During the past week large parts of the United States have been freezing in the worst winter storms of their history, with temperatures in some of them plunging as low as 50ºC below freezing point which means even colder than Alaska or the Arctic.
In Sri Lanka also our weather patterns have gone with the wind and we are facing an unusual drought, despite the storm in the north. The Water Supply and Drainage Board warned over the weekend that water levels in the reservoirs were dropping to crisis proportions and that water cuts, might have to be imposed. The NWSDB
appealed to the people to reduce the use of water until the rains come. Normally the south-western monsoon begins around May, but with weather patterns going beyond predictable levels we do not know whether the monsoon rains will come in May, earlier, later or at all.
"International analysts have warned us that in the coming decades the world might run dangerously short of fresh water supplies"
The Government is promising but not giving high priority to effective measures that could curb global warming. More and more vehicles are being imported with heavy traffic jams not only on working days but even on Sundays and holidays – resulting in a huge waste of fuel and worse still the air pollution with the emissions of carbon dioxide. Adding to it, are the night motor races intended largely to put the desires of the rich and ruling elite into dangerously high gear.
The delicate balance of the eco-system is also being seriously disturbed by the felling of thousands of trees, which would prompt the poet to cry out: “Woodman, spare thy axe”! The wooden planners do not know or probably do not care that the axe is at the necks of millions of people. But the political leaders and their hired planners are apparently looking mainly at profits, wealth or showbox development blinded by the reality that they are building only sandcastles which would crumble in a storm.
Jungles are part of the balance of nature besides being the source of food and place of rest for wild animals such as the majestic elephants, some of which are used in peraharas to gracefully carry sacred relics. But we are surviving in an era where what is preached is often not practised. So we rob the jungles for ill-planned or political development and when the starving elephants go elsewhere in search of food we have the pigheaded audacity to call them rogues. We do not need a court of law to rule that the real rogues are those who rob the jungle land and the food resources of the elephants and other animals.

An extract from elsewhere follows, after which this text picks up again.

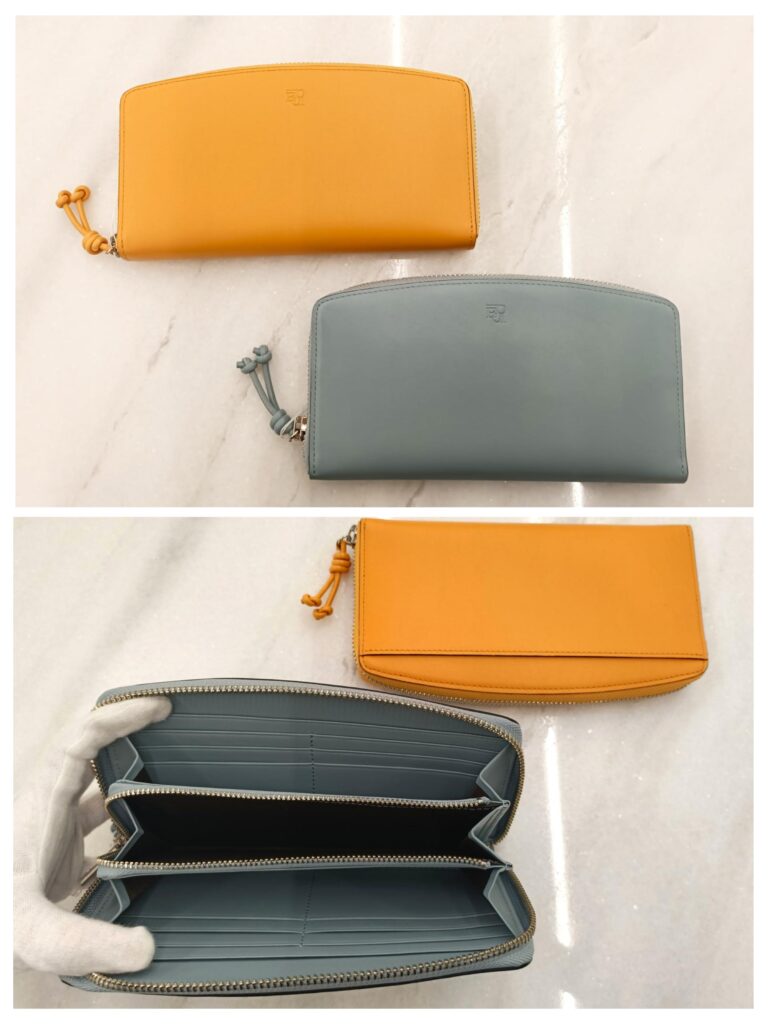 Epoi　日本製　革小物　グランフロント　大阪　WINTER SALE　special price　バッグ　財布　革製品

As for the water crisis--whatever the jugglery, deception or double standards of most ruling party politicians-- right-thinking people should take action to reduce the use of fresh water. These will be acts of water-tight patriotism because international analysts have warned us that in the coming decades the world might run dangerously short of fresh water supplies and the super-powers might go to war to gain control of fresh water resources. They may do it in a subtle manner similar to the way in which they went to war in Afghanistan and Iraq--they claimed they were fighting terrorism but the real targets were the oil and natural gas resources.

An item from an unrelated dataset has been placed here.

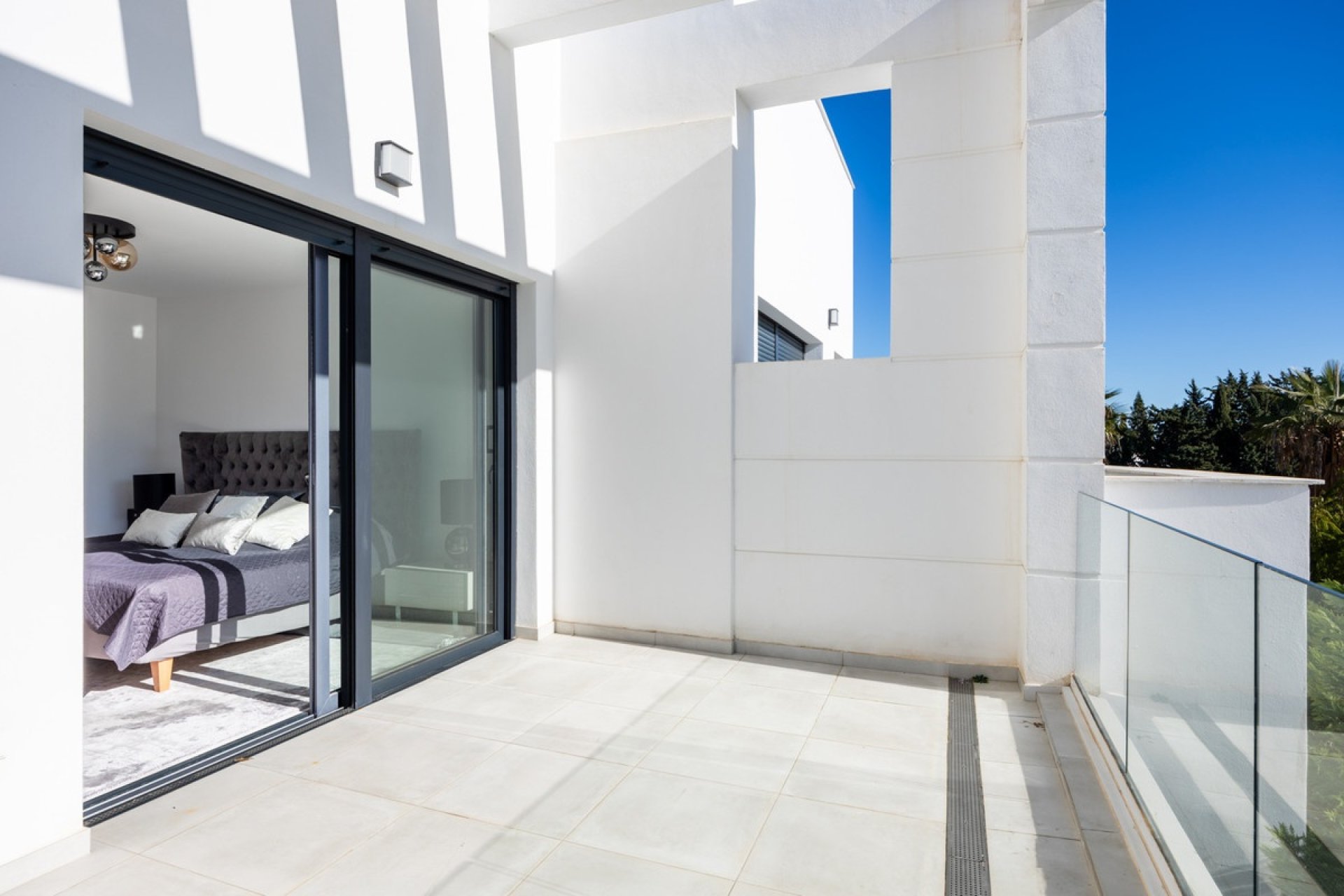 Wiederverkauf - Town house - Estepona - Estepona Centro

As the Daily Mirror has said before, we could reduce usage of water by not opening taps fully while washing, closing the taps while applying soap, using less water for our baths, recycling water from the bathroom to the toilet cistern, not using fresh water for non-essential purposes such as the washing of vehicles and rainwater harvesting. There are many more ways for the rational use of fresh water. We need to study these and act as good citizens for the common good of all instead of drowning in the muddy water of party politics.